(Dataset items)
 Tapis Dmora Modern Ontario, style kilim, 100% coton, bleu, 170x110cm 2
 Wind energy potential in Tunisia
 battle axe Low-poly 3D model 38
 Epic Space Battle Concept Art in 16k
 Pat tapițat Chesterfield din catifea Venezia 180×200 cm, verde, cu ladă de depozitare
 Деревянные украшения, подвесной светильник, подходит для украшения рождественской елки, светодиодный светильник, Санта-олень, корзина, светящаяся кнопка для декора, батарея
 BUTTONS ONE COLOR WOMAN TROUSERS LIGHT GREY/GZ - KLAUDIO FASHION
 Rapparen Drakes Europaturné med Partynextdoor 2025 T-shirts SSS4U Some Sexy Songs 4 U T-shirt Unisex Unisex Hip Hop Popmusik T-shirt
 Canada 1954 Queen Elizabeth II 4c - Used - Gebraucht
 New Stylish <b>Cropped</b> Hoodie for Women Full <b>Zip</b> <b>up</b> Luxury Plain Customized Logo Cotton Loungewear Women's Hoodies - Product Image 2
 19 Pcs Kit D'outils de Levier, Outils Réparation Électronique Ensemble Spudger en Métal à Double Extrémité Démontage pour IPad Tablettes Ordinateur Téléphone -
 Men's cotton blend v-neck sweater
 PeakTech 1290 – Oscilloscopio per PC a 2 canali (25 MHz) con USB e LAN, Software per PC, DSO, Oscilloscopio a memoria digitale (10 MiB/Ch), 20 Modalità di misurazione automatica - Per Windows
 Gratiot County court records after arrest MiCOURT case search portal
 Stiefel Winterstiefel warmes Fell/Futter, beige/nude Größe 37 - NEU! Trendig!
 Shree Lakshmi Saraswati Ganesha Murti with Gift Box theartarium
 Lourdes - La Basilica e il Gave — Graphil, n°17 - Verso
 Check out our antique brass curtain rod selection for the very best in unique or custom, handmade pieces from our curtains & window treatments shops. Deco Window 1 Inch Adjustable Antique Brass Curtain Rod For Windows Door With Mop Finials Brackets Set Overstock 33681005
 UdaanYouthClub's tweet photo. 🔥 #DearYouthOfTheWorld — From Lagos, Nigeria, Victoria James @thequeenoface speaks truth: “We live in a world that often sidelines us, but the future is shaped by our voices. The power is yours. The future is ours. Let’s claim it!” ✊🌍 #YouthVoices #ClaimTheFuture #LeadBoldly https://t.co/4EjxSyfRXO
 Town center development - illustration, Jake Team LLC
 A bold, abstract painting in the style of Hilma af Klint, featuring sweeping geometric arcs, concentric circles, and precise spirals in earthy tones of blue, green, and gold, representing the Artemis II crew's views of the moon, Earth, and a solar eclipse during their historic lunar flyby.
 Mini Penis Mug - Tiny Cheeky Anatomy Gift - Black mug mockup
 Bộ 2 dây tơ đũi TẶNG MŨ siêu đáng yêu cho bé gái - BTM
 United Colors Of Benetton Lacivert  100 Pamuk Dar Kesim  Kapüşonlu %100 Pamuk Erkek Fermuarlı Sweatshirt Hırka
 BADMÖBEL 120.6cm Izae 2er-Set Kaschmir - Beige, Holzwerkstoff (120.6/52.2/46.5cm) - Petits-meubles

→ TRY IT
Some lines above hold the word "style". Copy all of them.

→ TASK OUTPUT
 Tapis Dmora Modern Ontario, style kilim, 100% coton, bleu, 170x110cm 2
 A bold, abstract painting in the style of Hilma af Klint, featuring sweeping geometric arcs, concentric circles, and precise spirals in earthy tones of blue, green, and gold, representing the Artemis II crew's views of the moon, Earth, and a solar eclipse during their historic lunar flyby.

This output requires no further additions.